→ **TASK GOAL**: If an entry holds a picture, leave the picture out and copy the rest exactly.

[Saved entries]
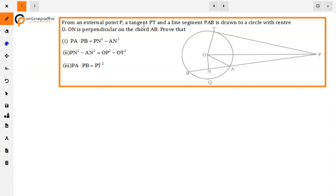The question is: from an external point P, a tangent PT and a secant segment PAB is drawn to a circle with center O. ON is perpendicular to chord AB. Prove that PA into PB is equal to PN square minus AN square.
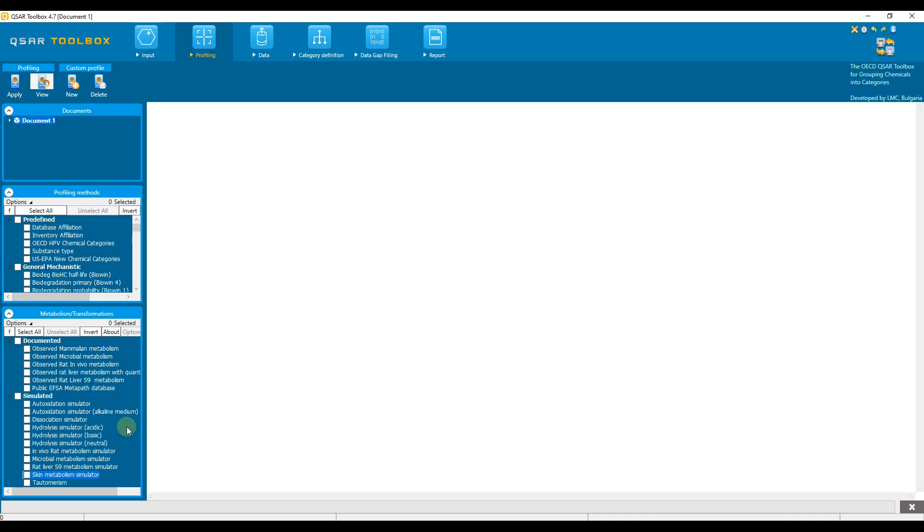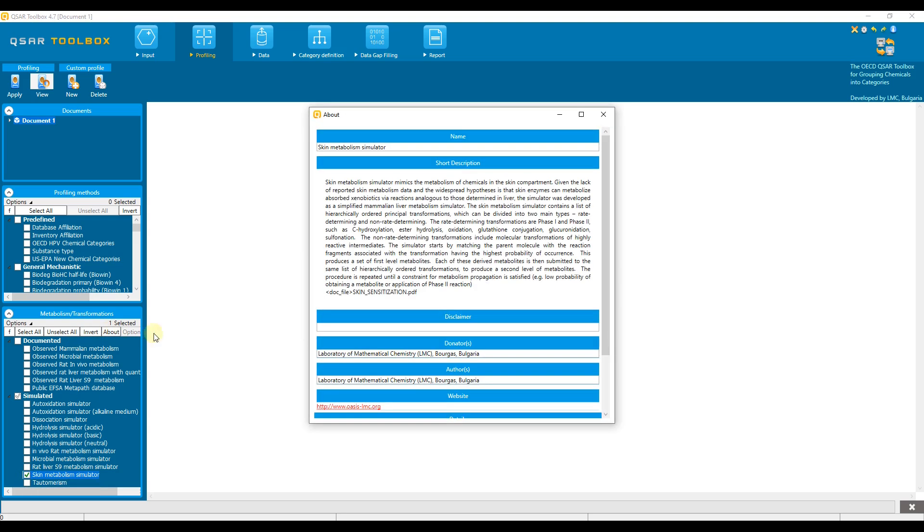For each of the documented and simulated metabolisms there is a short and a detailed description. To see these details, one must select a documented or simulated metabolism, such as the skin metabolism simulator, and then click on the about button in the panel of the section.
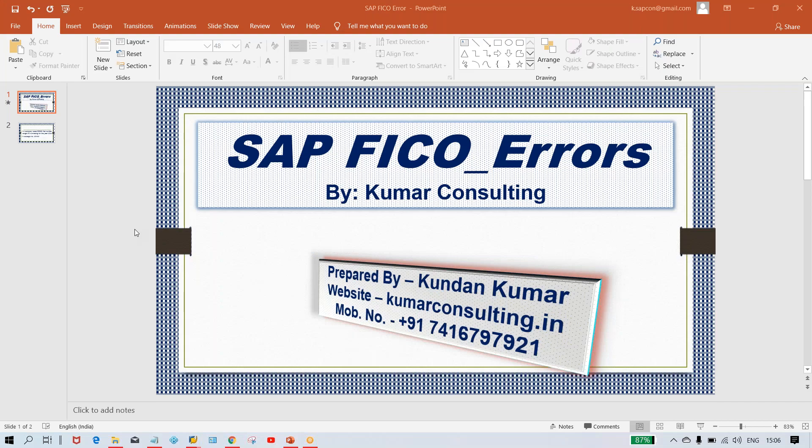Hello guys, welcome to Kumar Consulting. I have just received an error from one of my students — he's just a beginner. So I thought I'd have to record a video on that.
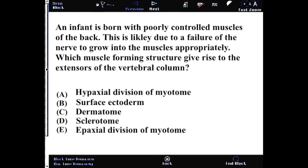For this answer, we're looking for the epaxial division of the myotome. This question calls up your memory of the organization of those somites as they distribute into different body segments.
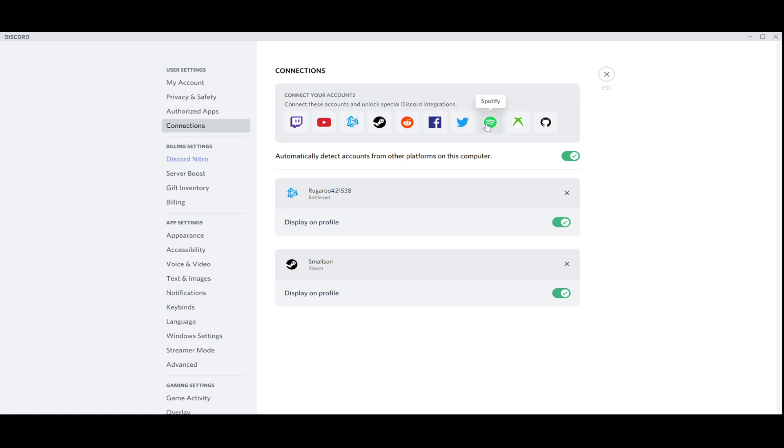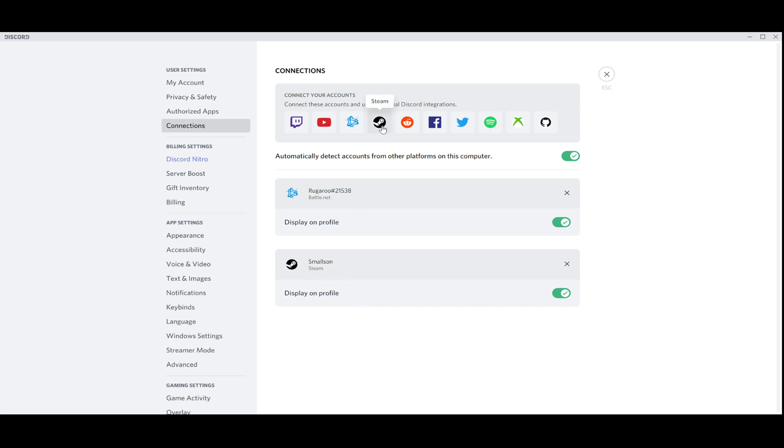In my case, I already did it with my Battle.net and with my Steam account. It's very easy. You just press the icon, you just log in with your username.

→ **EXERCISE SOLUTION**:
The question is: from an external point P, a tangent PT and a secant segment PAB is drawn to a circle with center O. ON is perpendicular to chord AB. Prove that PA into PB is equal to PN square minus AN square.
For each of the documented and simulated metabolisms there is a short and a detailed description. To see these details, one must select a documented or simulated metabolism, such as the skin metabolism simulator, and then click on the about button in the panel of the section.
Hello guys, welcome to Kumar Consulting. I have just received an error from one of my students — he's just a beginner. So I thought I'd have to record a video on that.
For this answer, we're looking for the epaxial division of the myotome. This question calls up your memory of the organization of those somites as they distribute into different body segments.
In my case, I already did it with my Battle.net and with my Steam account. It's very easy. You just press the icon, you just log in with your username.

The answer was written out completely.